Step 1.2.3: the stage is completed speciallyAnd (5) performing triangle formation. Is simpler for the RGB-D type, at F n And restoring the depth information by combining the correct matching points with the depth map to create a static initial map. For binocular, F n Carrying out binocular triangulation on the correct matching points, and carrying out binocular triangulation on any static matching point p between the left frame and the right frame L (u L ,v L ) And p R (u R ,v R ) Their corresponding 3D points P, using the geometric relationship between the binoculars, are as follows:
wherein z represents the depth information of P, b represents the base line of binocular, f is the focal length of the camera, and d is the parallax between two images. The method is adopted for processing, and initial map information can be finally obtained.
Step 2: and tracking and positioning of the SLAM system are realized by combining GMS.

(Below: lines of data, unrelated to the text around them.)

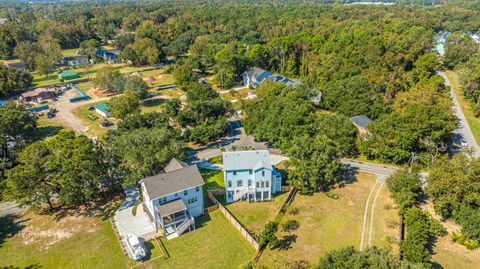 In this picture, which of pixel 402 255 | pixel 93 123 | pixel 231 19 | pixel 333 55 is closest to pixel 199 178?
pixel 402 255

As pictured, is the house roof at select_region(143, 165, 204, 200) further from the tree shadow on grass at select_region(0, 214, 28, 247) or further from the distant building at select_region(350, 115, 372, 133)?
the distant building at select_region(350, 115, 372, 133)

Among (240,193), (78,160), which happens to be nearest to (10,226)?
(78,160)

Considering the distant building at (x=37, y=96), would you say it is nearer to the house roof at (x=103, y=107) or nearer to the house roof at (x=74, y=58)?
the house roof at (x=103, y=107)

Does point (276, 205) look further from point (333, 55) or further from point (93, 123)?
point (333, 55)

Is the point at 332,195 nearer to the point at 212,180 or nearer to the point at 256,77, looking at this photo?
the point at 212,180

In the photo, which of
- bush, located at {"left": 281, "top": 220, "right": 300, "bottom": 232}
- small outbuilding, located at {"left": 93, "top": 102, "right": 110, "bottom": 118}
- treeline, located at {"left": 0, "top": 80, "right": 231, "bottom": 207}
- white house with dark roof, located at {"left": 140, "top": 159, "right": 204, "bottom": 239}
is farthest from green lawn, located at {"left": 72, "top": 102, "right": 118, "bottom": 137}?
Answer: bush, located at {"left": 281, "top": 220, "right": 300, "bottom": 232}

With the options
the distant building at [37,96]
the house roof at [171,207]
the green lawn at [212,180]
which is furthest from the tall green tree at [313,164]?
the distant building at [37,96] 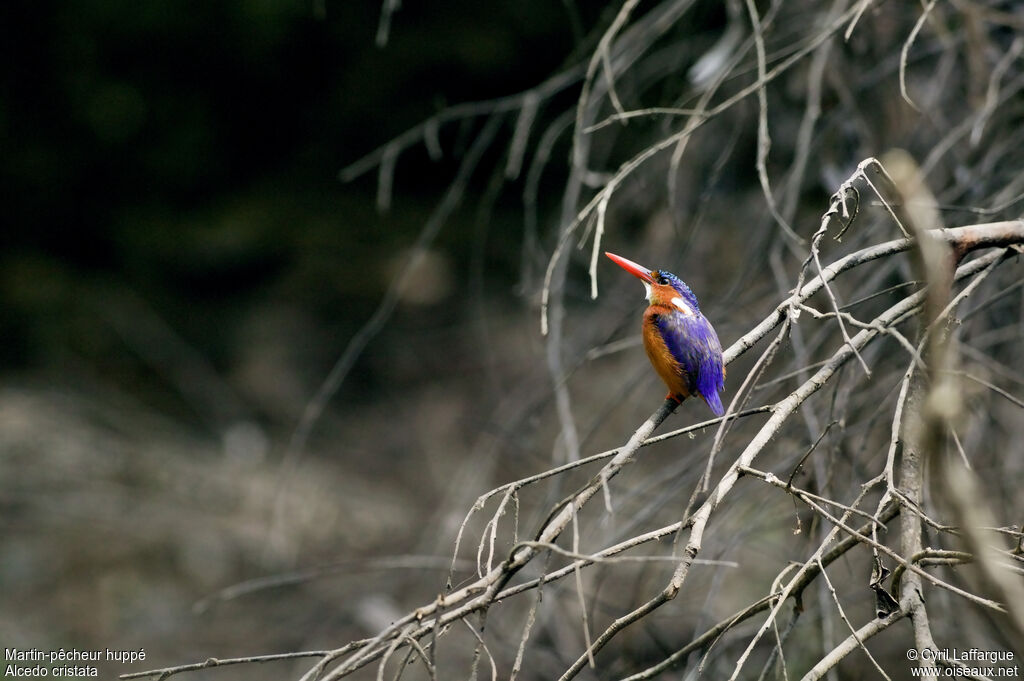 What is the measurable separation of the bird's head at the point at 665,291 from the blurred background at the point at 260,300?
1.49 meters

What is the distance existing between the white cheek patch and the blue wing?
0.07 ft

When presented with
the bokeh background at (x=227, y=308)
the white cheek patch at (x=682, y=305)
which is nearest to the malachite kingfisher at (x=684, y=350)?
the white cheek patch at (x=682, y=305)

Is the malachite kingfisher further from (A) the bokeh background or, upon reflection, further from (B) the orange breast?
(A) the bokeh background

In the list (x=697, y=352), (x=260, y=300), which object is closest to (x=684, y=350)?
(x=697, y=352)

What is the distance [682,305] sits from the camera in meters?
1.57

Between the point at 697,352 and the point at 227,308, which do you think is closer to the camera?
the point at 697,352

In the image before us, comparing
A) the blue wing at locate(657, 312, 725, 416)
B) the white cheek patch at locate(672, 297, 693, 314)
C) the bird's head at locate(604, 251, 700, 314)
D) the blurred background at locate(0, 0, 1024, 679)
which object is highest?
the blurred background at locate(0, 0, 1024, 679)

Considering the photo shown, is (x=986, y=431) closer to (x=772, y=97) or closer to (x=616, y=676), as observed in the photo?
(x=616, y=676)

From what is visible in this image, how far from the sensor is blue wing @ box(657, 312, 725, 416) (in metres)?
1.46

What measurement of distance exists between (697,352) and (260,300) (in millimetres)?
4151

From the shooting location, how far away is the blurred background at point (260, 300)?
4.09 metres

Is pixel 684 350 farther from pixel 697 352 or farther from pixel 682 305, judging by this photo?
pixel 682 305

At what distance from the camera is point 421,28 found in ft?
14.6

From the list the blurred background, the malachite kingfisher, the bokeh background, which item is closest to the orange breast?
the malachite kingfisher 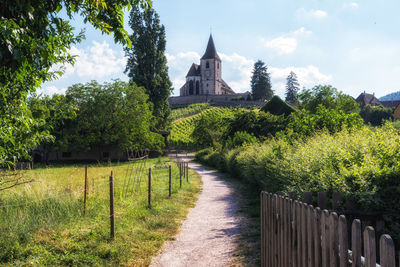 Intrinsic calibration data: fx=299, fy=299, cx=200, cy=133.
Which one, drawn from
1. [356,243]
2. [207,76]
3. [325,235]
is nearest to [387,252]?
[356,243]

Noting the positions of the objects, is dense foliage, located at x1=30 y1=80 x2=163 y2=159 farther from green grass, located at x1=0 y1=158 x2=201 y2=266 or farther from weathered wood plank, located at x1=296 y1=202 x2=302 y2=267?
weathered wood plank, located at x1=296 y1=202 x2=302 y2=267

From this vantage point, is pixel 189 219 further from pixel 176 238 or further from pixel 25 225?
pixel 25 225

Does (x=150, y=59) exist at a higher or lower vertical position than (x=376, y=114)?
higher

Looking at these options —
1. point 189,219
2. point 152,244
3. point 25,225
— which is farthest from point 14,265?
point 189,219

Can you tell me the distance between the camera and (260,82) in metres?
90.6

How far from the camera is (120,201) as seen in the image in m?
8.72

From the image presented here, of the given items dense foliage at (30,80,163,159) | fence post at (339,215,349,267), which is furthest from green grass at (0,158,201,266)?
dense foliage at (30,80,163,159)

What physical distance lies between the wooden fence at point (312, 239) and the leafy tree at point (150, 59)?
3466cm

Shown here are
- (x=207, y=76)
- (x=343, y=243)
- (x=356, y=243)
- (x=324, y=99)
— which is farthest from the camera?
(x=207, y=76)

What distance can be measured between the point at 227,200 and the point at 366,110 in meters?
73.5

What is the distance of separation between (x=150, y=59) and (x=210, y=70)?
7269cm

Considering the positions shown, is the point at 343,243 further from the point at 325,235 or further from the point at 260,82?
the point at 260,82

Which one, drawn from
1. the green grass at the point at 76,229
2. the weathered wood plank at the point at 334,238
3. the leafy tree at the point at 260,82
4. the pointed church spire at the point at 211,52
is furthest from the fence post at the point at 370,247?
the pointed church spire at the point at 211,52

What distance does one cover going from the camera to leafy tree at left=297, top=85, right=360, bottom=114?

When the system is initialized successfully, the system enters a tracking thread and initializes a key frame F 1 When a new image frame is received, the pose of the camera is estimated by using a reference frame tracking model or a constant-speed tracking model, then the local key frame and the local map points are updated, the local map points are re-projected to the current frame, a map optimization model is established, and the pose is further optimized. Step 2 is mainly divided into two parts, namely tracking and local map creation, and then loop detection and global optimization of the system.
Step 2.1: the tracing and mapping implementation in the step inherits the basic idea of ORB-SLAM. The image information enters the system and is tracked by adopting different modes of a reference frame tracking model and a constant-speed tracking model.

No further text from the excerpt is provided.